Task statement: Copy all data exactly. Skip pictures.

(Beginning of Supplied information)

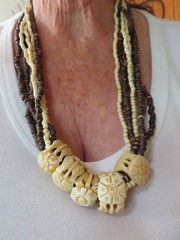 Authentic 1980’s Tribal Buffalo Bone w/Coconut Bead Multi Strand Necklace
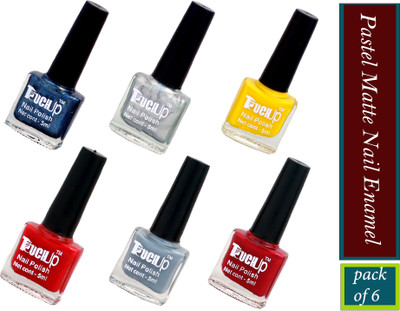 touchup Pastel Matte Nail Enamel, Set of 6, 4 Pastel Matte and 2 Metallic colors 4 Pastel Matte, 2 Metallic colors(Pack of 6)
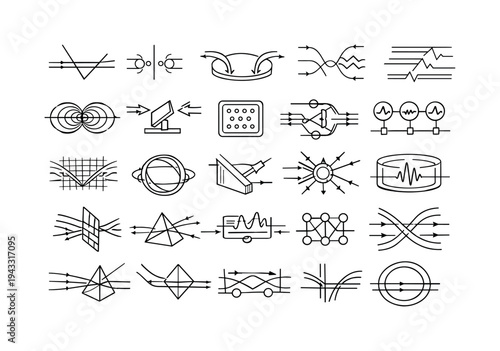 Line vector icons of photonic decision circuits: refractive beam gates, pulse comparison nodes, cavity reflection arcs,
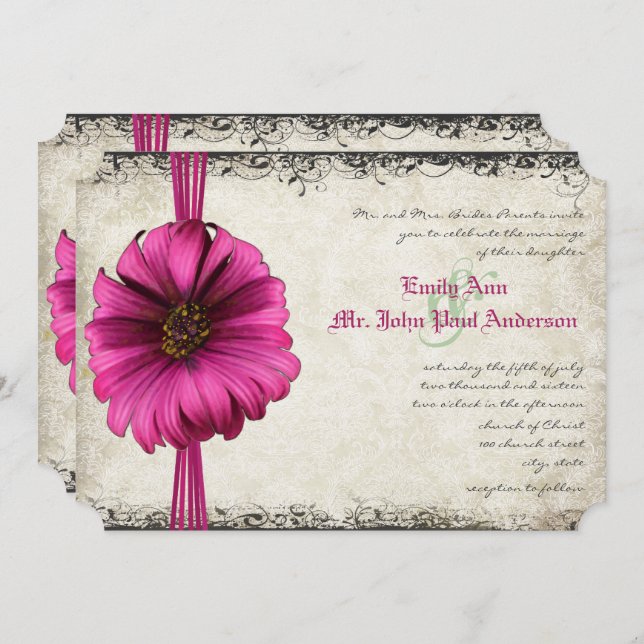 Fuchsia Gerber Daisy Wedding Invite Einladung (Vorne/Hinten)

(End of Supplied information)

Exercise solution:
 Authentic 1980’s Tribal Buffalo Bone w/Coconut Bead Multi Strand Necklace
 touchup Pastel Matte Nail Enamel, Set of 6, 4 Pastel Matte and 2 Metallic colors 4 Pastel Matte, 2 Metallic colors(Pack of 6)
 Line vector icons of photonic decision circuits: refractive beam gates, pulse comparison nodes, cavity reflection arcs,
 Fuchsia Gerber Daisy Wedding Invite Einladung (Vorne/Hinten)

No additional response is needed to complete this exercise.